WHAT YOU SHOULD DO ::
Please repeat the lines below exactly. Begin with the line containing "605 Old Wellington Rd - Photo 4 of 30" and go on through the line containing "Everyday Welcome Wreath".

=====

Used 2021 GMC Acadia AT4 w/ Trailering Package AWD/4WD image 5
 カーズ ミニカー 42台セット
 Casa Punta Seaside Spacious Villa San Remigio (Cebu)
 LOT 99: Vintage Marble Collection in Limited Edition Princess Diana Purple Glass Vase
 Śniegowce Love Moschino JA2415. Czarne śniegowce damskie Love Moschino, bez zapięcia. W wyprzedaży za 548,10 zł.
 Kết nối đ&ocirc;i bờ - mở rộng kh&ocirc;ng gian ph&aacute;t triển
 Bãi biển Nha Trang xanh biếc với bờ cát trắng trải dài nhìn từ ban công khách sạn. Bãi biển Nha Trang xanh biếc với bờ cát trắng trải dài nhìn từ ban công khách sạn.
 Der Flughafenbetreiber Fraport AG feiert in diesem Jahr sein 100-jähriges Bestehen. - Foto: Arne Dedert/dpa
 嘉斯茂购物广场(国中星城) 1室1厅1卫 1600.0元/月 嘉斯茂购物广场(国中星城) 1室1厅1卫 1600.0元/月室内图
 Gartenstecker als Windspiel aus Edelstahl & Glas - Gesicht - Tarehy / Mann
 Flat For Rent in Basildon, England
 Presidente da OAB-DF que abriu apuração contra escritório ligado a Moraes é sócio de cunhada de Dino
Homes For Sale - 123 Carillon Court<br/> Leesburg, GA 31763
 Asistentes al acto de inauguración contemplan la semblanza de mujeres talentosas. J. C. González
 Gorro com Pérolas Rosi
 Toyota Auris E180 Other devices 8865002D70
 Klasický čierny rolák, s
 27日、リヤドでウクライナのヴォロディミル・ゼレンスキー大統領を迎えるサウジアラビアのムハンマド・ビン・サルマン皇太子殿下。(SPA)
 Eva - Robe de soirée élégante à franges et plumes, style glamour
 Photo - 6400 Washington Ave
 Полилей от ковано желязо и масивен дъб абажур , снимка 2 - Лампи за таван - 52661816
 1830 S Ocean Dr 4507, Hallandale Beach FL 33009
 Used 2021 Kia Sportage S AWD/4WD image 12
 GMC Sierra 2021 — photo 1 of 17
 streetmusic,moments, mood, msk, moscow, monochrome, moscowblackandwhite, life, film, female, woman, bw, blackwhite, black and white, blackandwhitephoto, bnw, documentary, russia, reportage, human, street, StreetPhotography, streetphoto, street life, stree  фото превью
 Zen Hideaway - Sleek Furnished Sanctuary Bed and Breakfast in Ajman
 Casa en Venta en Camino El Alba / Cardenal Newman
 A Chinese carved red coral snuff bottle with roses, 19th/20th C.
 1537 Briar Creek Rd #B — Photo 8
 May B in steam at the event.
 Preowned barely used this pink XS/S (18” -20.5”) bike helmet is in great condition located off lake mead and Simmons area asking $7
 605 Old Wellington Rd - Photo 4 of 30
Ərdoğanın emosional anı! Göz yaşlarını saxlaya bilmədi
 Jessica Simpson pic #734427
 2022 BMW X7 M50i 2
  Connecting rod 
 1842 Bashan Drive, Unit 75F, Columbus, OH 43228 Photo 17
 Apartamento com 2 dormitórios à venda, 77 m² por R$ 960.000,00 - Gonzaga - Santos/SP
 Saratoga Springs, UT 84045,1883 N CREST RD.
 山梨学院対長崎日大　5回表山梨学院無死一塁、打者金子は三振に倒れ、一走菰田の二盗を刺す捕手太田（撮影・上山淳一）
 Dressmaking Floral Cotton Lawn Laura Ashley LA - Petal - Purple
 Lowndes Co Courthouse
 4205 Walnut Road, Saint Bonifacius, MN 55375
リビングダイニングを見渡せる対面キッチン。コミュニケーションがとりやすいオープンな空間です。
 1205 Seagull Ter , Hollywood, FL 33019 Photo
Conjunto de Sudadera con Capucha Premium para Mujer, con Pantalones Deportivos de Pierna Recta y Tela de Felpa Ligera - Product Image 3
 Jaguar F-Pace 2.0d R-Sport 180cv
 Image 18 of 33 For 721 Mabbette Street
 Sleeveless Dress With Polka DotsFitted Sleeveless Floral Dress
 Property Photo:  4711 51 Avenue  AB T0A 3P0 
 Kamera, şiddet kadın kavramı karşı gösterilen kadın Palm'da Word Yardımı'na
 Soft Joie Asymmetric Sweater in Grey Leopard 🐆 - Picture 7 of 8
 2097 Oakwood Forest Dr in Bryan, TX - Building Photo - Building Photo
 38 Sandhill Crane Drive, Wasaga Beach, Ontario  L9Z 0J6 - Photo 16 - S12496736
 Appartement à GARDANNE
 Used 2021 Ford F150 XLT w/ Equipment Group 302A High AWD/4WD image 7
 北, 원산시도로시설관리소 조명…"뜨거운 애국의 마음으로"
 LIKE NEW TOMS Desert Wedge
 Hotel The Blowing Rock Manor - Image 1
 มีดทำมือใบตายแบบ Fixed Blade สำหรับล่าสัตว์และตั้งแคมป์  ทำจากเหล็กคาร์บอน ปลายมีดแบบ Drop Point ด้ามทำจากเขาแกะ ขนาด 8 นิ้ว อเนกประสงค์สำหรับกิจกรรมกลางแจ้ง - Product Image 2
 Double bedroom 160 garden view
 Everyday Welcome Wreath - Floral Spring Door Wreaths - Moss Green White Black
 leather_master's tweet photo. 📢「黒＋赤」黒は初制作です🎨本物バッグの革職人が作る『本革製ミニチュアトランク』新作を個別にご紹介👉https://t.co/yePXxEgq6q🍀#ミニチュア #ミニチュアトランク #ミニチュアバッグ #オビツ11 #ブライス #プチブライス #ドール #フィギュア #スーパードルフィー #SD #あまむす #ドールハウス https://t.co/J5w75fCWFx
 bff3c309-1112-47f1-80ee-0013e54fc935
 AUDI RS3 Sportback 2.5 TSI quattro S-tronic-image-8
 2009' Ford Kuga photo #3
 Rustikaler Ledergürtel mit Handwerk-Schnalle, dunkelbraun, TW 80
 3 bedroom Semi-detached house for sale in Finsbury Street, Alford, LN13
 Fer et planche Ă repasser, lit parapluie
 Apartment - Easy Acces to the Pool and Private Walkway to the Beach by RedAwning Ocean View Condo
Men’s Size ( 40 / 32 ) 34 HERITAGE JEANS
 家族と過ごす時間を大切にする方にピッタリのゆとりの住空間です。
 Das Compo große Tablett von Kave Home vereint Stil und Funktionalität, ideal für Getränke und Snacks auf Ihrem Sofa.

=====

RESPONSE AREA ::
 605 Old Wellington Rd - Photo 4 of 30
Ərdoğanın emosional anı! Göz yaşlarını saxlaya bilmədi
 Jessica Simpson pic #734427
 2022 BMW X7 M50i 2
  Connecting rod 
 1842 Bashan Drive, Unit 75F, Columbus, OH 43228 Photo 17
 Apartamento com 2 dormitórios à venda, 77 m² por R$ 960.000,00 - Gonzaga - Santos/SP
 Saratoga Springs, UT 84045,1883 N CREST RD.
 山梨学院対長崎日大　5回表山梨学院無死一塁、打者金子は三振に倒れ、一走菰田の二盗を刺す捕手太田（撮影・上山淳一）
 Dressmaking Floral Cotton Lawn Laura Ashley LA - Petal - Purple
 Lowndes Co Courthouse
 4205 Walnut Road, Saint Bonifacius, MN 55375
リビングダイニングを見渡せる対面キッチン。コミュニケーションがとりやすいオープンな空間です。
 1205 Seagull Ter , Hollywood, FL 33019 Photo
Conjunto de Sudadera con Capucha Premium para Mujer, con Pantalones Deportivos de Pierna Recta y Tela de Felpa Ligera - Product Image 3
 Jaguar F-Pace 2.0d R-Sport 180cv
 Image 18 of 33 For 721 Mabbette Street
 Sleeveless Dress With Polka DotsFitted Sleeveless Floral Dress
 Property Photo:  4711 51 Avenue  AB T0A 3P0 
 Kamera, şiddet kadın kavramı karşı gösterilen kadın Palm'da Word Yardımı'na
 Soft Joie Asymmetric Sweater in Grey Leopard 🐆 - Picture 7 of 8
 2097 Oakwood Forest Dr in Bryan, TX - Building Photo - Building Photo
 38 Sandhill Crane Drive, Wasaga Beach, Ontario  L9Z 0J6 - Photo 16 - S12496736
 Appartement à GARDANNE
 Used 2021 Ford F150 XLT w/ Equipment Group 302A High AWD/4WD image 7
 北, 원산시도로시설관리소 조명…"뜨거운 애국의 마음으로"
 LIKE NEW TOMS Desert Wedge
 Hotel The Blowing Rock Manor - Image 1
 มีดทำมือใบตายแบบ Fixed Blade สำหรับล่าสัตว์และตั้งแคมป์  ทำจากเหล็กคาร์บอน ปลายมีดแบบ Drop Point ด้ามทำจากเขาแกะ ขนาด 8 นิ้ว อเนกประสงค์สำหรับกิจกรรมกลางแจ้ง - Product Image 2
 Double bedroom 160 garden view
 Everyday Welcome Wreath - Floral Spring Door Wreaths - Moss Green White Black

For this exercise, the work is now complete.